■ **Work instruction**:
From the first line to the last, restate the data word for word.

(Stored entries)
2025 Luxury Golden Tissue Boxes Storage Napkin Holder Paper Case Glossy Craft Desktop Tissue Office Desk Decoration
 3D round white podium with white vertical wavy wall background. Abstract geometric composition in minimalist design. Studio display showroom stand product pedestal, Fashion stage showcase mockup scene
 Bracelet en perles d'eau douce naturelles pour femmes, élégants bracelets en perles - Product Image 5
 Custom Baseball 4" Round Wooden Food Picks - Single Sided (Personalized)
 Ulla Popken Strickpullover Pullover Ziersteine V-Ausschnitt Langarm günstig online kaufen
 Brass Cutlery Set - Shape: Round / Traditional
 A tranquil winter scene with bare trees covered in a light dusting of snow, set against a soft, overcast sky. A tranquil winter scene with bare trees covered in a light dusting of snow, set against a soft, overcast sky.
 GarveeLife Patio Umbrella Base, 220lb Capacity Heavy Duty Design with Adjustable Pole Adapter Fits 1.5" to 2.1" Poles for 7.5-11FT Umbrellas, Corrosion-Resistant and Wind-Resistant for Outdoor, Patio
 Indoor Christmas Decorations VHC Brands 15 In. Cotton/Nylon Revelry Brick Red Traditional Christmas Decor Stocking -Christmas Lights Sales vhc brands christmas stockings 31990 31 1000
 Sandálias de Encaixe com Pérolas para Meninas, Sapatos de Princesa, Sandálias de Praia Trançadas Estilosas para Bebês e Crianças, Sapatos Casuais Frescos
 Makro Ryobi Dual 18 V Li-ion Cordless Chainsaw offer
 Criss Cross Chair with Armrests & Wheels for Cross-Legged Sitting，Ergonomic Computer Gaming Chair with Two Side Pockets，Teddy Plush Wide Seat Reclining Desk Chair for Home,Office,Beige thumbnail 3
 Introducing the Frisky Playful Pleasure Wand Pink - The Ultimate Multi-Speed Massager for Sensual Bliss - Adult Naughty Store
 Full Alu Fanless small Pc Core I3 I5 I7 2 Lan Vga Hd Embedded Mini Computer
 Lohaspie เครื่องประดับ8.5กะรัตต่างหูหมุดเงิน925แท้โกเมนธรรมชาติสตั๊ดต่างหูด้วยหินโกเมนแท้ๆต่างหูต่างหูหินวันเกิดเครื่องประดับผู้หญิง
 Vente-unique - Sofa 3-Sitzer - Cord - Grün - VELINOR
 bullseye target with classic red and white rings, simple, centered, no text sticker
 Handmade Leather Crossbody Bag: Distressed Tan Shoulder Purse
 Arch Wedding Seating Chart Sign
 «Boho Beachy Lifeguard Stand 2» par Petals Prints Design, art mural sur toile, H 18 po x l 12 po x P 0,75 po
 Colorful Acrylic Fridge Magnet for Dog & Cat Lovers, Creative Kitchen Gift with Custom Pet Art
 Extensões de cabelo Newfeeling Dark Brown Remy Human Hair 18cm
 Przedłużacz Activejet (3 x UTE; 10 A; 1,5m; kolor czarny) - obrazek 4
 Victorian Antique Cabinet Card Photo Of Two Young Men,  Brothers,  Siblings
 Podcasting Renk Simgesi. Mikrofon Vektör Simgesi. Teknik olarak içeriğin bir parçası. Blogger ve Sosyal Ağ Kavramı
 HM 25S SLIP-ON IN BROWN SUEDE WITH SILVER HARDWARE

■ **Answer for the task**:
2025 Luxury Golden Tissue Boxes Storage Napkin Holder Paper Case Glossy Craft Desktop Tissue Office Desk Decoration
 3D round white podium with white vertical wavy wall background. Abstract geometric composition in minimalist design. Studio display showroom stand product pedestal, Fashion stage showcase mockup scene
 Bracelet en perles d'eau douce naturelles pour femmes, élégants bracelets en perles - Product Image 5
 Custom Baseball 4" Round Wooden Food Picks - Single Sided (Personalized)
 Ulla Popken Strickpullover Pullover Ziersteine V-Ausschnitt Langarm günstig online kaufen
 Brass Cutlery Set - Shape: Round / Traditional
 A tranquil winter scene with bare trees covered in a light dusting of snow, set against a soft, overcast sky. A tranquil winter scene with bare trees covered in a light dusting of snow, set against a soft, overcast sky.
 GarveeLife Patio Umbrella Base, 220lb Capacity Heavy Duty Design with Adjustable Pole Adapter Fits 1.5" to 2.1" Poles for 7.5-11FT Umbrellas, Corrosion-Resistant and Wind-Resistant for Outdoor, Patio
 Indoor Christmas Decorations VHC Brands 15 In. Cotton/Nylon Revelry Brick Red Traditional Christmas Decor Stocking -Christmas Lights Sales vhc brands christmas stockings 31990 31 1000
 Sandálias de Encaixe com Pérolas para Meninas, Sapatos de Princesa, Sandálias de Praia Trançadas Estilosas para Bebês e Crianças, Sapatos Casuais Frescos
 Makro Ryobi Dual 18 V Li-ion Cordless Chainsaw offer
 Criss Cross Chair with Armrests & Wheels for Cross-Legged Sitting，Ergonomic Computer Gaming Chair with Two Side Pockets，Teddy Plush Wide Seat Reclining Desk Chair for Home,Office,Beige thumbnail 3
 Introducing the Frisky Playful Pleasure Wand Pink - The Ultimate Multi-Speed Massager for Sensual Bliss - Adult Naughty Store
 Full Alu Fanless small Pc Core I3 I5 I7 2 Lan Vga Hd Embedded Mini Computer
 Lohaspie เครื่องประดับ8.5กะรัตต่างหูหมุดเงิน925แท้โกเมนธรรมชาติสตั๊ดต่างหูด้วยหินโกเมนแท้ๆต่างหูต่างหูหินวันเกิดเครื่องประดับผู้หญิง
 Vente-unique - Sofa 3-Sitzer - Cord - Grün - VELINOR
 bullseye target with classic red and white rings, simple, centered, no text sticker
 Handmade Leather Crossbody Bag: Distressed Tan Shoulder Purse
 Arch Wedding Seating Chart Sign
 «Boho Beachy Lifeguard Stand 2» par Petals Prints Design, art mural sur toile, H 18 po x l 12 po x P 0,75 po
 Colorful Acrylic Fridge Magnet for Dog & Cat Lovers, Creative Kitchen Gift with Custom Pet Art
 Extensões de cabelo Newfeeling Dark Brown Remy Human Hair 18cm
 Przedłużacz Activejet (3 x UTE; 10 A; 1,5m; kolor czarny) - obrazek 4
 Victorian Antique Cabinet Card Photo Of Two Young Men,  Brothers,  Siblings
 Podcasting Renk Simgesi. Mikrofon Vektör Simgesi. Teknik olarak içeriğin bir parçası. Blogger ve Sosyal Ağ Kavramı
 HM 25S SLIP-ON IN BROWN SUEDE WITH SILVER HARDWARE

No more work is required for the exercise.